Garbage In, Garbage Out. (Definition at ZDNet)
Ask any tech guy and they'll tell you that GIGO is one of the most common problems when business line people ask for useful information. You must develop processes and responsibilities to fix bad data. It's too common for users to say "the data is no good, we can't rely on it, so we won't use the system as intended" rather than to work on fixing it. Smart companies are hiring dedicated Data Stewards for their systems - key business decisions are made using this data, and it needs to be as close to perfect as you can get.

The reasons for GIGO issues can usually be broken down into three issues - data entry, data migration from other systems, and system changes over time.

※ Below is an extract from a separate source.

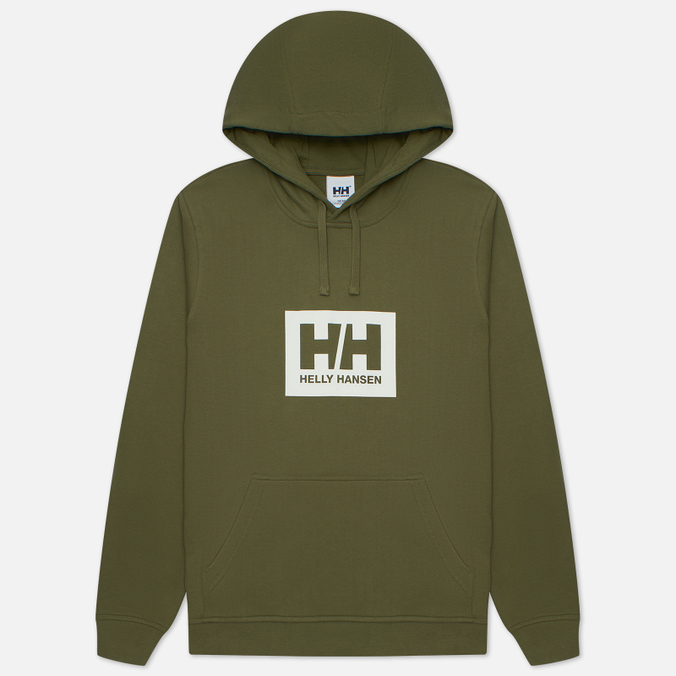 фото Худи мужское helly hansen 53289-421 хаки xl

The first is easy enough to grasp; errors are going to happen, your challenge is to minimize it and make it easy to fix. Things like postal code / address validation can help; most countries have postal-code / city mapping data available that lets you enter just the postal code and have the city + state/province populated. Also, turn on spell check for more fields - "Jhonson" is a possible but unlikely last name. And try to make it easy for anyone to fix the data without jumping through hoops, entering a "why did you change this" field, etc.

Data migration is data that comes in from another system, so human eyes don't see it at entry time. It can be a one-time feed at system implementation, or scheduled every day. If the problem is data entry error, fix it in the source system, but it's often more complicated than that. The key is to try to find patterns in the errors and re-do the migration process as needed. There may be a subtle business rule that allows an extra line of address for certain companies, moving every field after that to the wrong column (a real example). Whenever you start doing scheduled data migration, everyone "upstream" on the migration has to know what parts of their data are used "downstream" so changes can properly cascade throughout the business.

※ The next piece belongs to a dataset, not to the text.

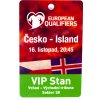 Vstupenka - VIP Karta - fotbal Q 2002, ČR v. Island, 2000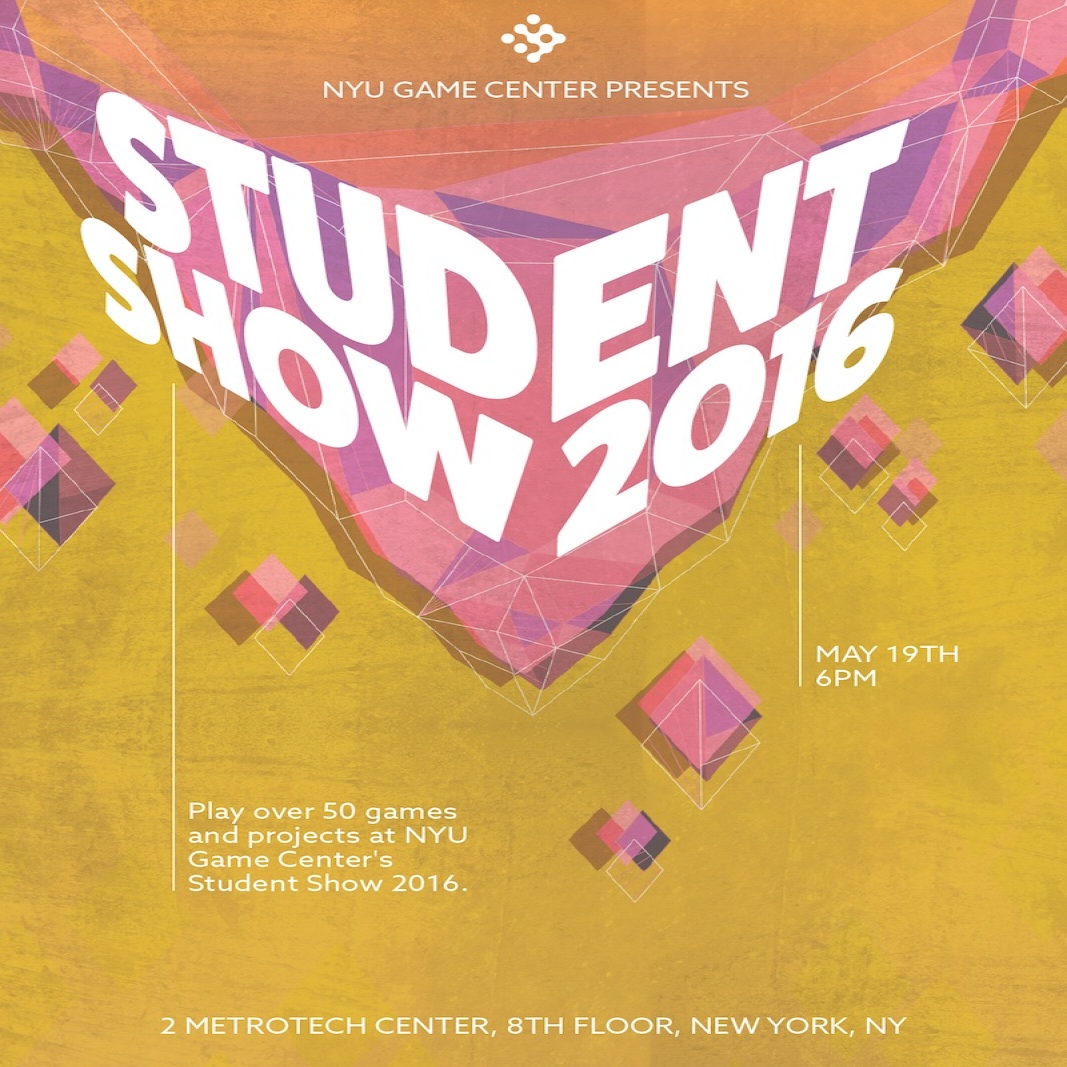 2016 NYU Game Center Student Show Flyer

System changes are the most interesting challenge. If you migrate from one system to another, the Customer data is likely the same but some core fields like Reason for Contact and Product may have different values. Of course you will want to prepare a mapping document and, after much review by all, get everyone to sign off on it. I'd also suggest keeping a non-migrated version of the data (for the whole record) in a text field (visible or not), so you can see what the record was like in the old system. This can help save you later when someone figures out that the "approved" data mapping was not quite right. If you have the old values stored with each record, they are much easier to find and correct. (Listen to the voice of experience here! Nothing worse than trying to figure out which records are wrong by looking at a system that no one remembers, if it's even installed.)

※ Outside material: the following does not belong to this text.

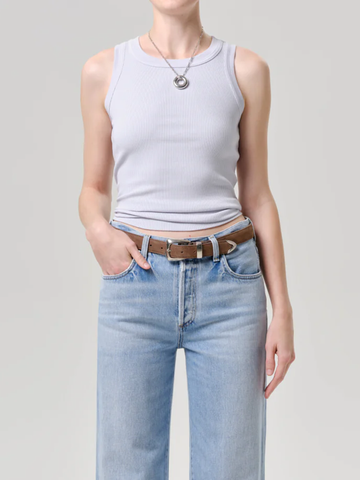 Isabel Rib Tank Tank Top in Pindary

If you keep the same system for a number of years, dropdown values will change, and what used to be valid data a few years ago won't match the current user interface. The reporting solution may need to have additional (deprecated) values in the dropdown for historical reporting. Also, Management often asks for three years of data when you have been collecting a particular field only one year - your challenge is then to figure out how (or if) that data was collected before and figure out how to report it. It's much better to report absence of data, or explain the report has a large margin of error, than to get it wrong.